TASK DIRECTIONS>
Among the entries below, copy only the span from the line containing "Hi, this is Lawrence" through the line containing "I could have". Do so exactly, and skip the pictures.

Data records
---------------

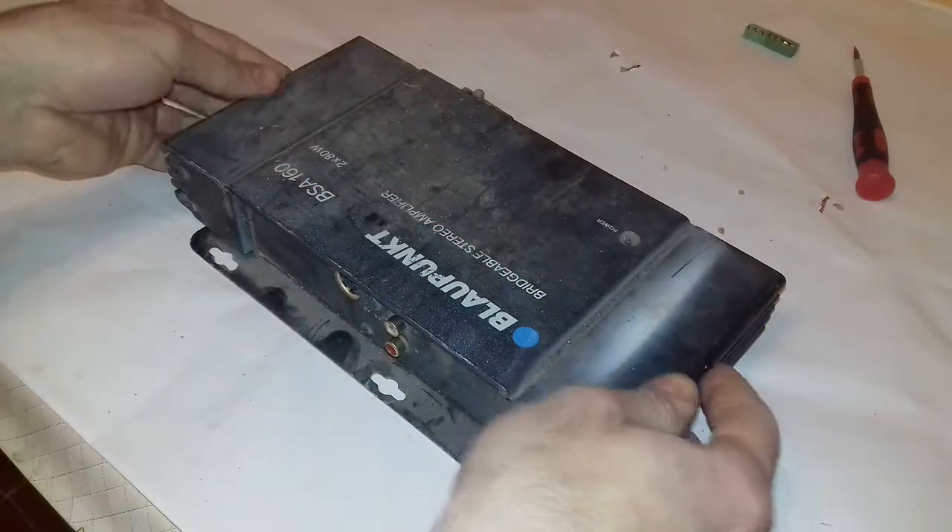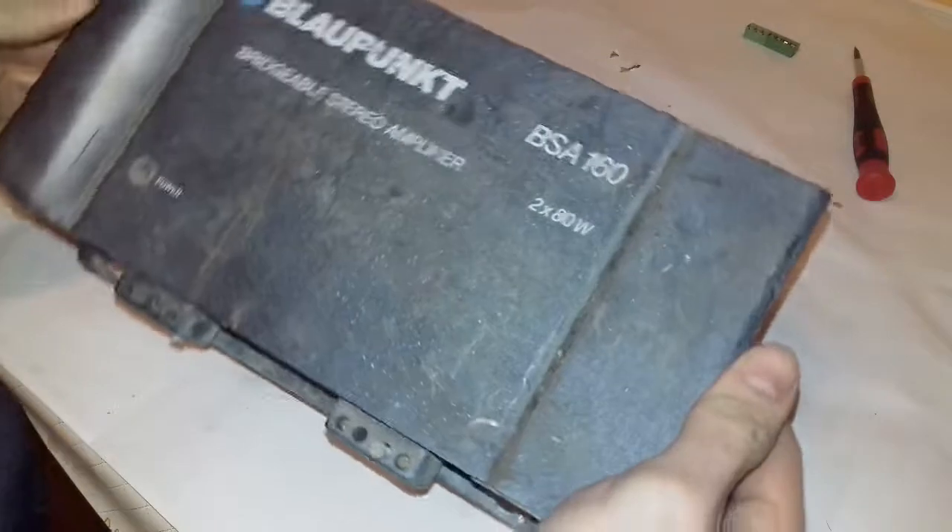Hi, this is Heletronix. In this video I will tear down a blow pump car amplifier. As you can see, it is a very old and dirty amplifier. It's not functioning, so later I might repair it.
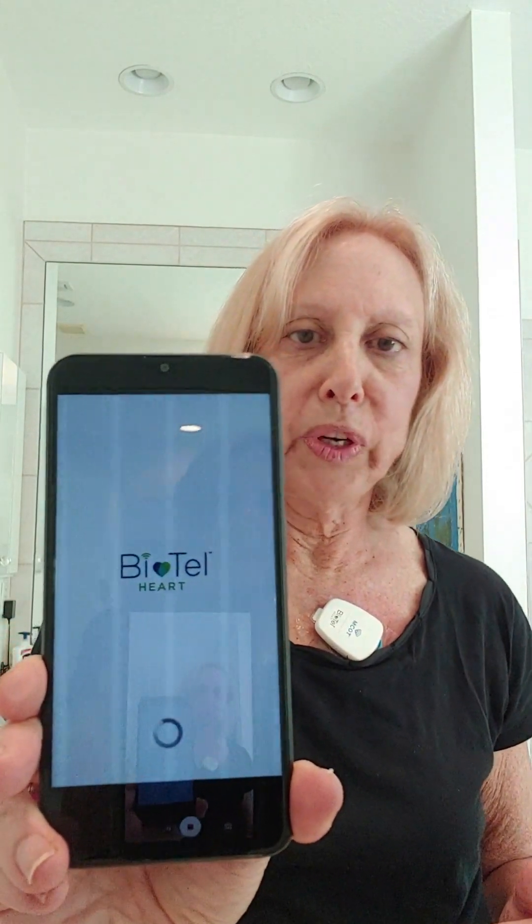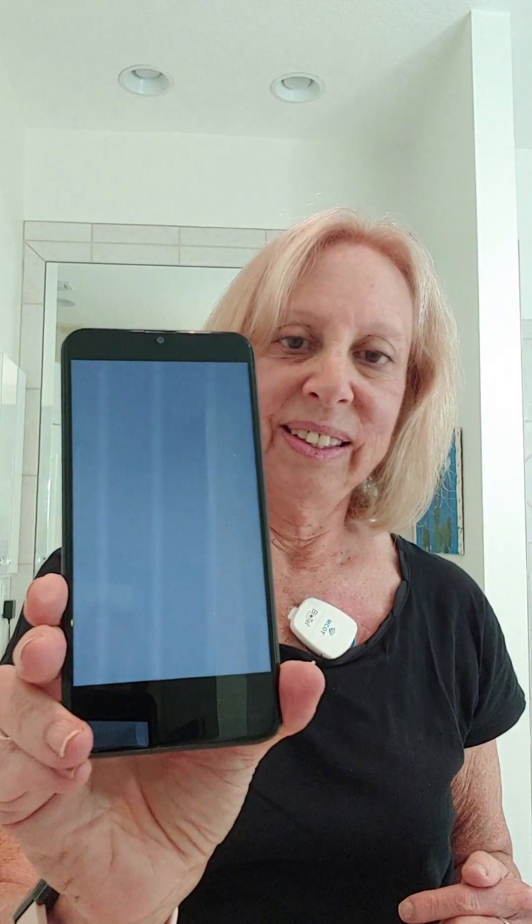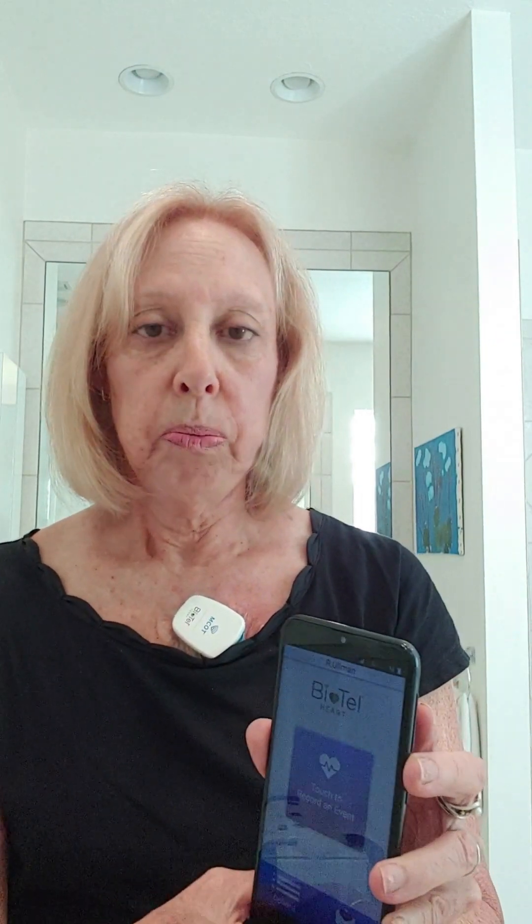The monitor makes a little startup sound and shows the main screen. You can push the button anytime to light it up — your messages and options are there. Under 'monitor options' you can adjust volume (currently on medium), change language, set it to vibrate, or enable airplane mode for travel. It automatically sends a baseline test, so you probably won't need to do that manually. No messages for me — good to go. Good luck with yours!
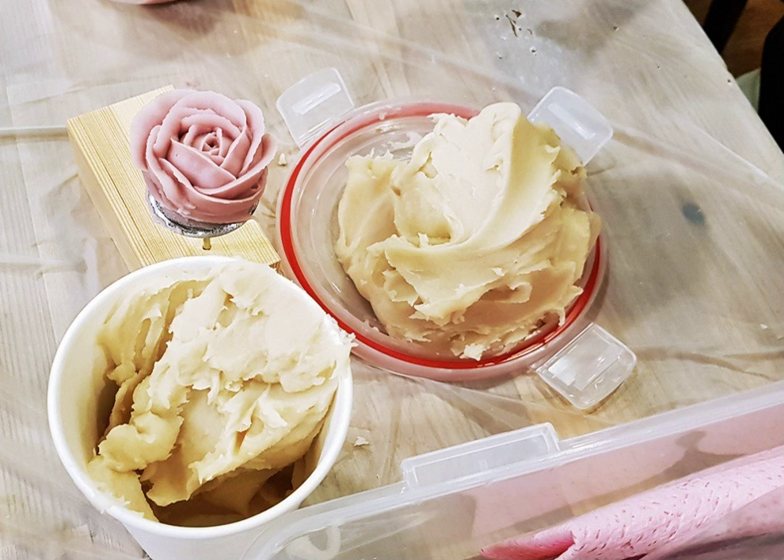Sweet bean paste is a food ingredient used throughout East Asian cuisine, primarily utilized as a filling for sweet desserts and pastries.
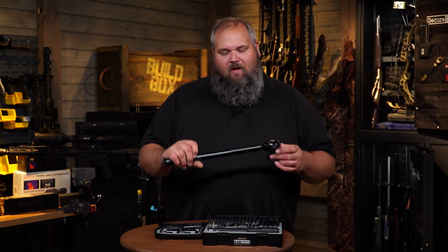And if you're doing bigger work, we have the XL Fat Wrench. This is great for building firearms, installing barrels and accessories, all those bigger jobs. So to get that perfect torque, make sure you use a Wheeler torque wrench.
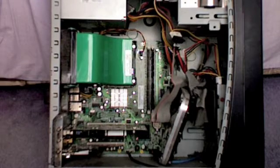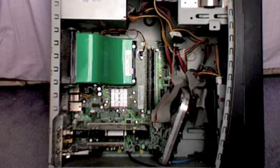Hi, this is Lawrence from Nerdish.co.uk. In this tutorial I'm going to show you how to remove and reinstall PCI, PCI Express, and AGP cards. These kinds of cards are normally graphics cards, sound cards, wireless network, or TV cards.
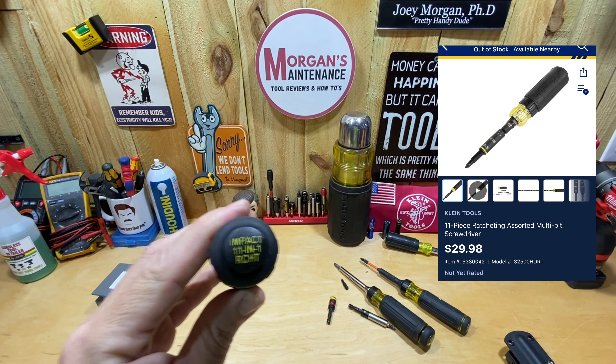If you're a ratcheting screwdriver person, for eight bucks it's probably worth the upgrade. If you're not, you might want to just get the regular one. The next difference you'd think might be size. Handle-wise, the handles are pretty much exactly the same feel and depth. The ratcheting one is a hair longer — basically the difference of the ratcheting feature itself, maybe a quarter inch to three-eighths of an inch longer, nothing significant you'd probably even notice.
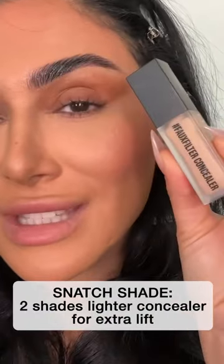Pretty easy. Gonna blend that out — I'm blending upwards. I don't know what you guys think but that's pretty on its own. I'm gonna grab my snatch shade, which is about two shades lighter than my normal concealer shade.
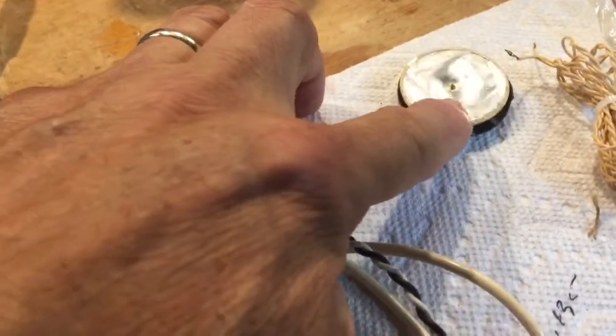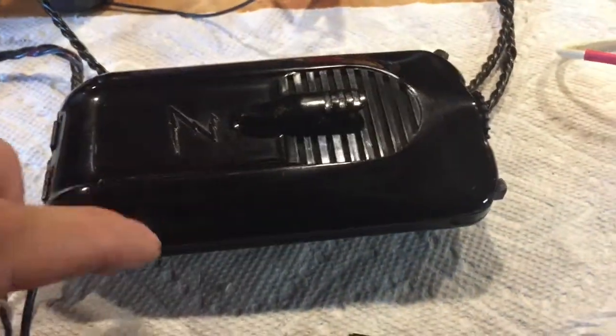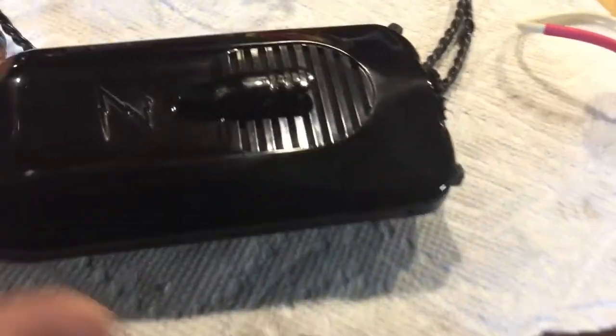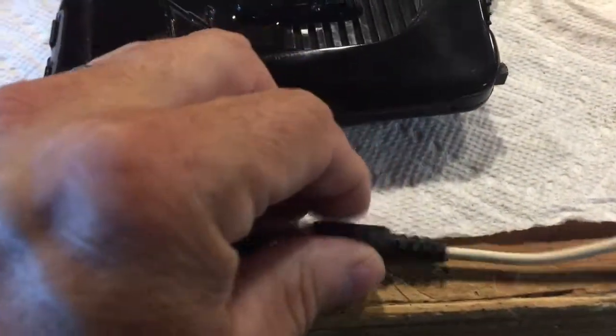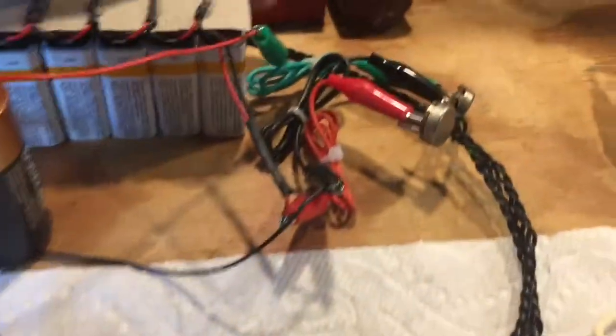I could have purchased a replacement element on eBay new for $40, but I'm obviously not going to spend $40 on a microphone element for a $30 hearing aid that I'll never use again — it'll just sit on a shelf as a talking piece. So I modified it without damaging any of the original electronics, just added an external microphone.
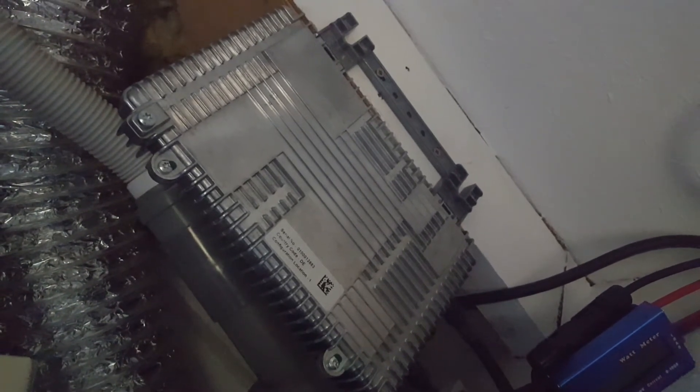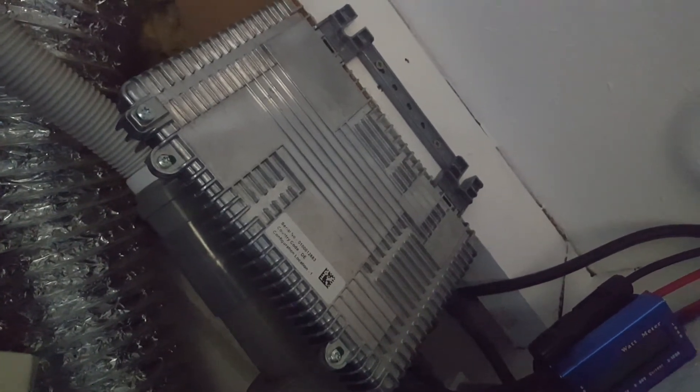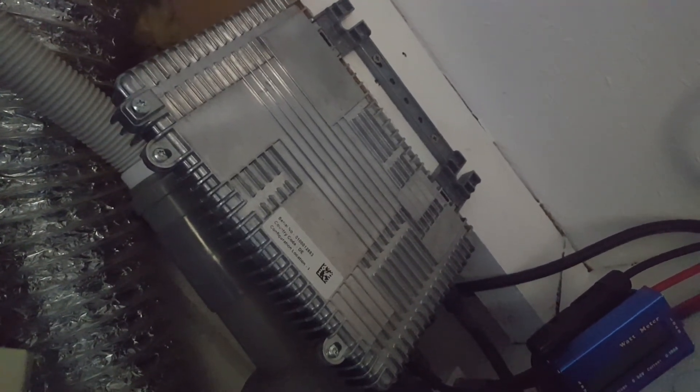Maybe the reason Anexis went out of business — I have no idea. I do know I bought this from the out-of-stock sale after their bankruptcy, so this one only cost me 30 euros. In that case, it's well worth the investment.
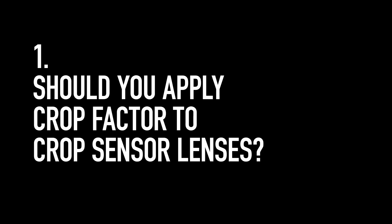The number one most common question and comment I get is: should you apply crop factor to crop sensor lenses? I've actually already answered this question in a separate video, so I'll put the link down below. But long story short, the answer is yes — you do need to apply crop factor to lenses designed for APS-C sensors.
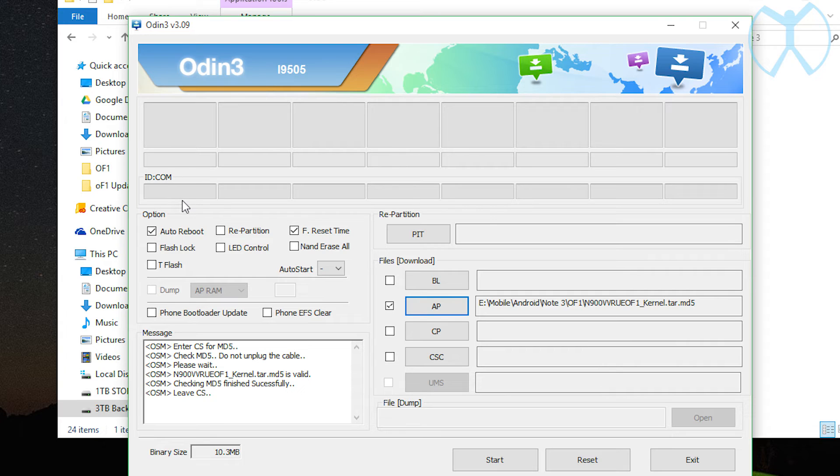Then plug in your phone — make sure the cable is plugged into a USB 2.0 port and not a 3.0. It will update right here: it will say 'ID added' and you'll get your COM port, and it will turn blue. Once everything looks great and looks exactly like this, go ahead and hit Start. This is the same process you'll repeat for your modem and for your recovery if you decide to do those.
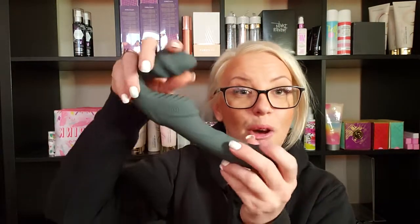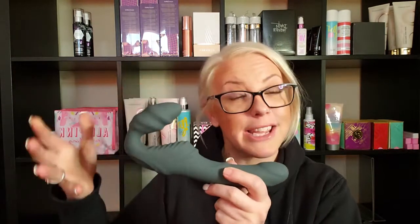Okay, so we're going to talk about this — our strapless strap-on. It is a vibrating dual motor toy, so both of these sections vibrate.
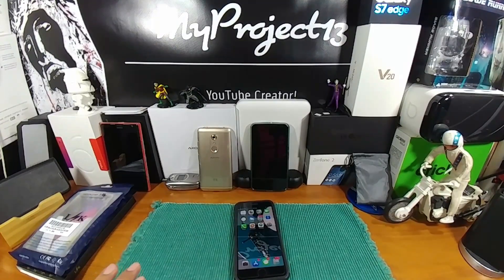Hey everybody, welcome back to my Project 13. I wanted to give everybody an update on my experience, my journey with my very first Apple product, my very first iPhone, the iPhone 8 Plus.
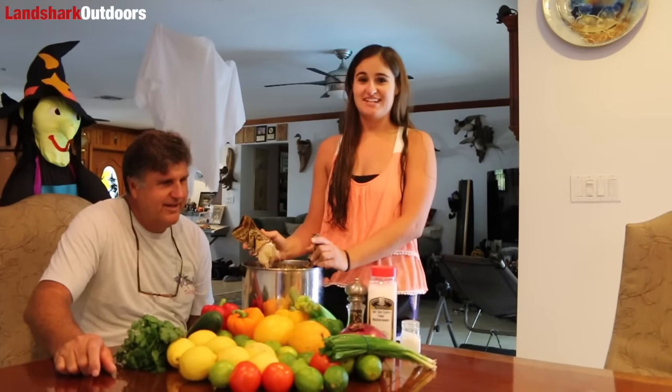Hey guys, we're going to do something a little different today. I got my dad, Brian, here who's going to show us how to make some awesome lobster ceviche.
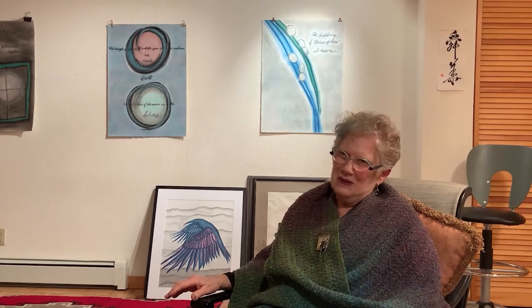I've started doing birds of prey. Ravens are birds of prey anyway. Recently doing osprey.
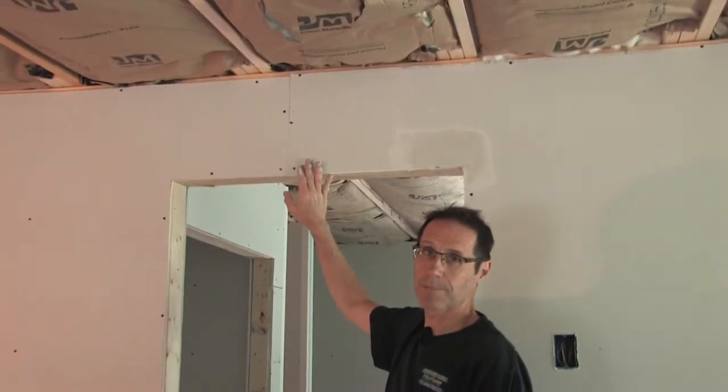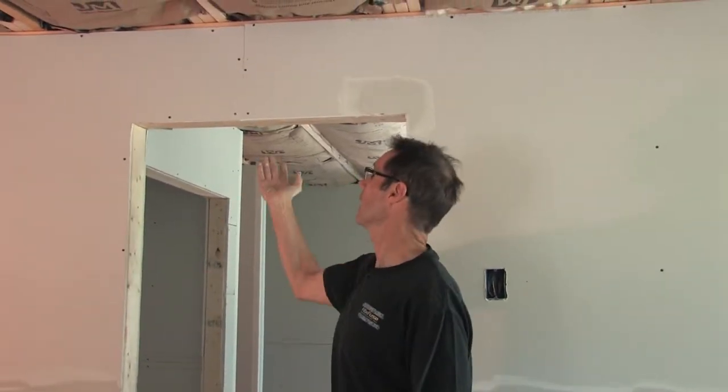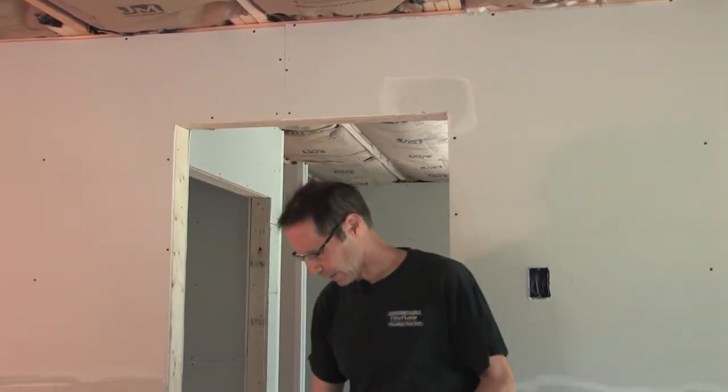Right here I have a short butted seam. I'm going to use the FiberFuse on this butted seam. I get asked a lot if FiberFuse is good for butted seams, and the answer is yes, because it is extra strong — it's actually been tested to be stronger than paper tape.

---------------

WRITTEN RESPONSE>
Hi, this is Lawrence from Nerdish.co.uk. In this tutorial I'm going to show you how to remove and reinstall PCI, PCI Express, and AGP cards. These kinds of cards are normally graphics cards, sound cards, wireless network, or TV cards.
If you're a ratcheting screwdriver person, for eight bucks it's probably worth the upgrade. If you're not, you might want to just get the regular one. The next difference you'd think might be size. Handle-wise, the handles are pretty much exactly the same feel and depth. The ratcheting one is a hair longer — basically the difference of the ratcheting feature itself, maybe a quarter inch to three-eighths of an inch longer, nothing significant you'd probably even notice.
Pretty easy. Gonna blend that out — I'm blending upwards. I don't know what you guys think but that's pretty on its own. I'm gonna grab my snatch shade, which is about two shades lighter than my normal concealer shade.
I could have purchased a replacement element on eBay new for $40, but I'm obviously not going to spend $40 on a microphone element for a $30 hearing aid that I'll never use again — it'll just sit on a shelf as a talking piece. So I modified it without damaging any of the original electronics, just added an external microphone.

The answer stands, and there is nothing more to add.